Comunque io mi chiamo Roberto, molto piacere. Mi chiamo Roberto come il novanta per cento del genere umano di nazionalità italiana di sesso maschile della mia generazione. Intorno alla metà degli anni 60 Roberto doveva essere uno dei quei nomi di moda o magari c’era qualche personaggio in vista che si chiamava così e tutti i genitori pensavano che dargli lo stesso nome potesse essere di buon auspicio. Vi risulta? C’è qualche studio nell’Internet sulla antroponomastica di massa? Sta di fatto che dalle mie parti c’è stato un periodo quando ero ragazzo e frequentavo i miei coetanei in cui chiamavi Roby e si giravano in venti in un colpo solo. Un amico mio omonimo e il sottoscritto c’eravamo addirittura inventati un programma radiofonico in cui tutti si chiamavano Roberto. I due presentatori, lui e io, gli inviati a raccogliere finti servizi sul territorio, ancora io e lui. Ci sembrava una buona idea da proporre come format a qualche emittente locale. Ci siamo persino incontrati una volta per mettere a punto la puntata pilota con tanto di mixer e registratore. Ma lui aveva un po’ di erba e alla fine abbiamo desistito perché non la smettevamo più di ridere e ci toccava rifare sempre tutto da capo. Fino ad ammettere che l’idea non era granché, meglio archiviarla tra gli ennemila progetti lasciati a metà, anzi meno della metà.

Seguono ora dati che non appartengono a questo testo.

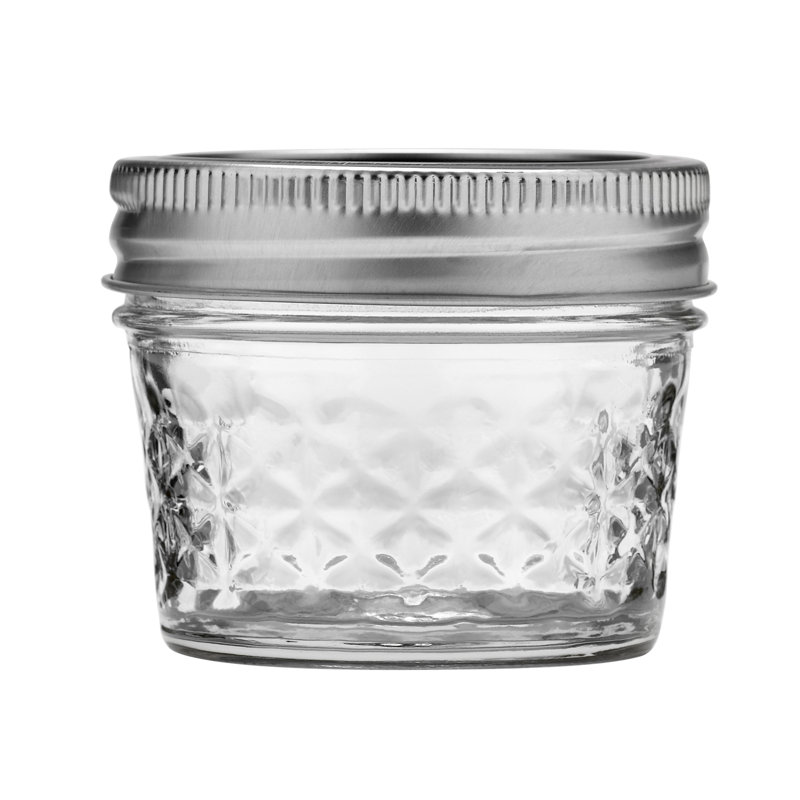 Quilted 4oz Clear Glass Mason Jars with Lids, 12 Pack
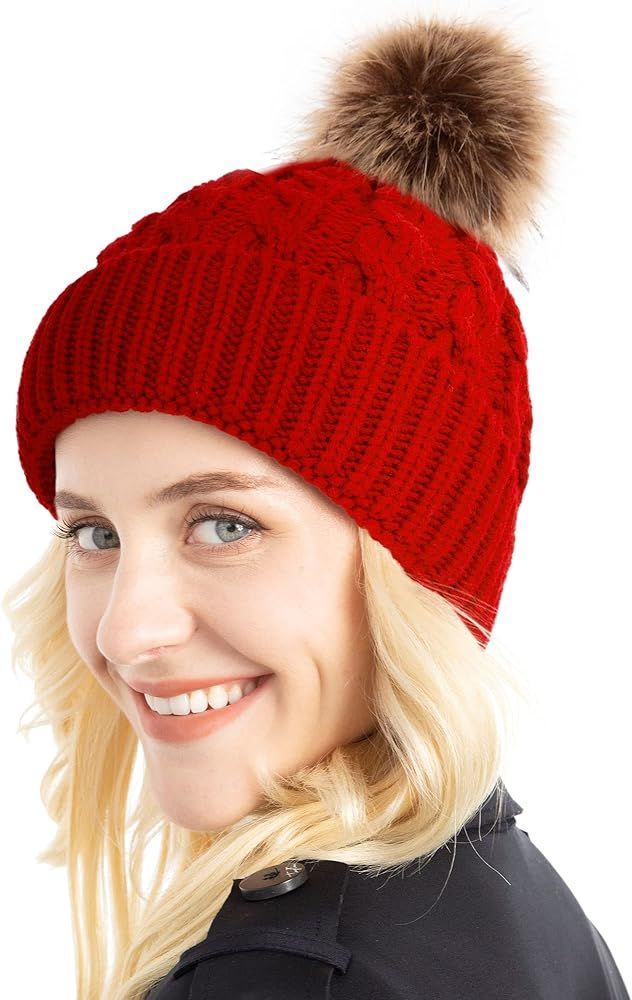 Simplicity Womens Winter Beanies Hand Knit Faux Fur Pompoms Beanie Hats | Amazon (US)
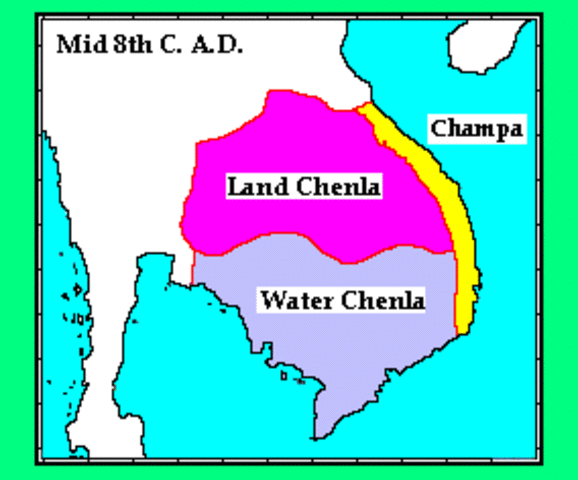 Chenla replaces Funan as dominat Kingdom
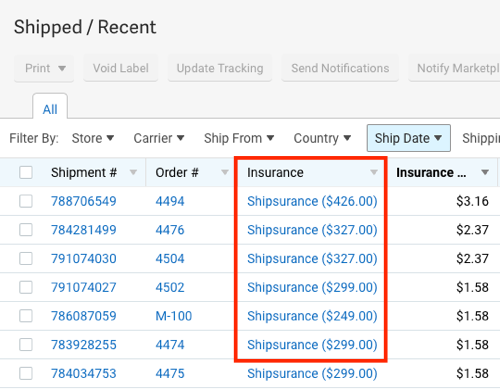 Box highlights Insurance column on Shipments tab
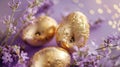 Golden Decorated Easter Eggs Amidst Purple Spring Flowers. Royalty Free Stock Photo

Poi per fortuna la moda di chiamare Roberto è passata, chissà quanti altri trend di questo tipo sono nati, hanno raggiunto il top e quindi tramontati nella severa quanto giusta indifferenza generale. Ma, come tanti altri, vedete che anche i miei genitori si sono fatti omologare dal mainstream e dal momento che cercavano un nome che iniziasse per erre e che completasse la trilogia con le mie sorelle maggiori battezzate con la stessa iniziale hanno pensato a Roberto. Non immaginate quante volte mi sono reputato salvo per miracolo, pensate se avessero scelto Romualdo o Rodomonte o Rastrello. Scherzo eh, che visto come tira il momento vedo già frotte di commentatori che si chiamano così offesi solo perché il loro nome non rientra nei miei gusti. Sì, lo so che rastrello non è un nome proprio ma mi faceva ridere.
Ecco, il nome che è una cosa che volente o nolente ti porti dietro tutta la vita e oltre, perché come se non bastasse arriva il momento in cui te lo scrivono a indicare che in quell’urna è stato raccolto quel poco che è rimasto di te. Ma il vostro nome, se ci fate caso, alla fine quando lo usate? Ok, nei documenti ufficiali, a volte ma non sempre per compilare i form, nella firma, per farvi riconoscere quando occorre. Per il resto ci firmiamo con l’iniziale puntata, come R., oppure con un diminutivo. Io ho scelto Rob, lo uso in calce alle email e non chiedetemi il motivo che non so spiegarlo. Sul lavoro nessuno mi chiama Roberto perché è un nome lungo, credo, o forse perché non mi somiglia e così tutti usano Bob, o Bobby, o addirittura Zio Bob che non so come sia venuto fuori. A scuola sempre per cognome che però non vi dico, mica voglio mettere a rischio la mia privacy on line che già ho rivelato il mio vero nome. Ma perché ci si chiude dietro a nick, poi. Perché si sceglie l’anonimato? Chi crediamo di incuriosire con il mistero di una sequenza alfanumerica come la mia, o con nomignoli evocativi per farci sentire nelle discendenze di qualcos’altro?
In casa mi chiamano papà, papo, per non parlare di tutti i teneri modi di rivolgersi tra partner che ci si potrebbe scrivere un dizionario. Anzi, quando mia moglie pronuncia per intero il mio nome mi suona strano ma non è come nei film che bisogna stare all’erta perché si è agitata per qualcosa. No, lo fa per gioco, per sentire come suona il mio nome con tutte quelle erre, un nome di sicura provenienza germanica. In quel caso mi sento un estraneo, non so se capita anche a voi se avete nomi formati da più sillabe. Devo fermarmi a pensare se davvero si sta rivolgendo a me, a furia di sigle e nick forse è un nome che non mi appartiene più. O forse è solo che nell’era degli indirizzi IP il nome è superato. Comunque io mi chiamo Roberto, molto piacere.